How Can this Simple Little Fly Catch So Many Trout?

Most of the Colorado guides I know reserve a few rows of their favorite dry-fly boxes for a simple little Charlie Craven pattern called the "Mole" fly.

It is, in my opinion, the most deadly effective dry fly pattern for when trout are highly selective and keyed on small mayflies, particularly baetis. I'm usually a fan of the size 18 parachute Adams, as I believe that, presented right, that bug will tackle 90 percent of dry fly challenges. But when I have encountered that other 10 percent, it's the Mole fly that saves the day. I've seen it many times: show the fish 10 different dry flies, and finally solve the riddle with the Mole. I should probably lead with the Mole. But it's fun to watch its effectiveness with some context.
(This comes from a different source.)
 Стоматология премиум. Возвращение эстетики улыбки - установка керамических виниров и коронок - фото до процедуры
The pattern is a testament to how sometimes simpler is better. This fly doesn't take many steps to tie. It's just thread, beaver fur dubbing and a CDC wing. Craven is brilliant for keeping patterns streamlined and simple. Sometimes that little extra flash, or that extra wrap of color does 10 times more for the angler's eyes than it does for the fish. Overkill can put trout off. I think about 75 percent of dry flies and nymphs sold through fly shops these days are probably over-engineered.
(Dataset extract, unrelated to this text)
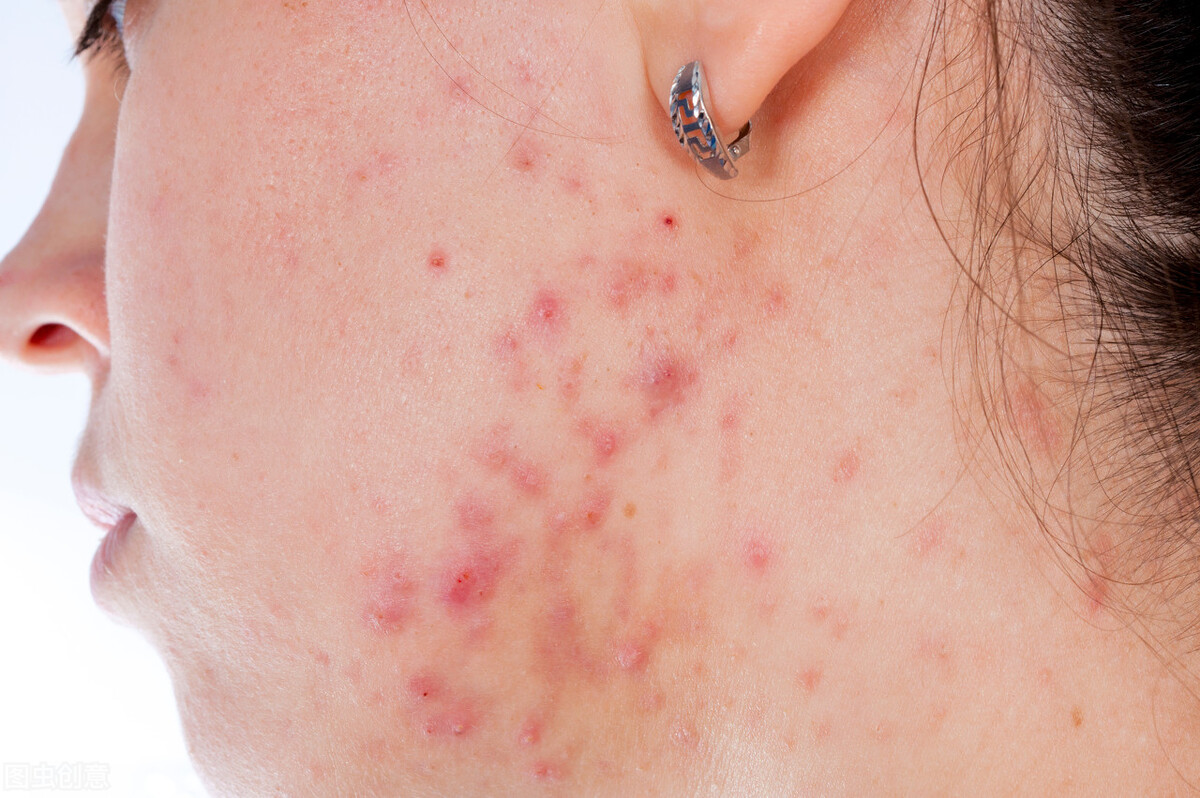 医生 玛恩医生 大油皮为什么越控越油?越来越“油腻”!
One last point: Never underestimate the power of CDC. Cul-de-canard. The end of the duck (the feathers literally come from the duck's backside). Naturally buoyant, CDC makes the most realistic wings, especially on dry flies. But CDC gets gunked up and is hard to float after a fish or two has bit the fly. The key to fixing that is using a scant dab of Tiemco Dry Magic before the first cast, rubbing off excess with a Wonder Cloth or felt rag. The better you treat the CDC with gel (but be sure the feathers aren't matted), the longer the ride lasts.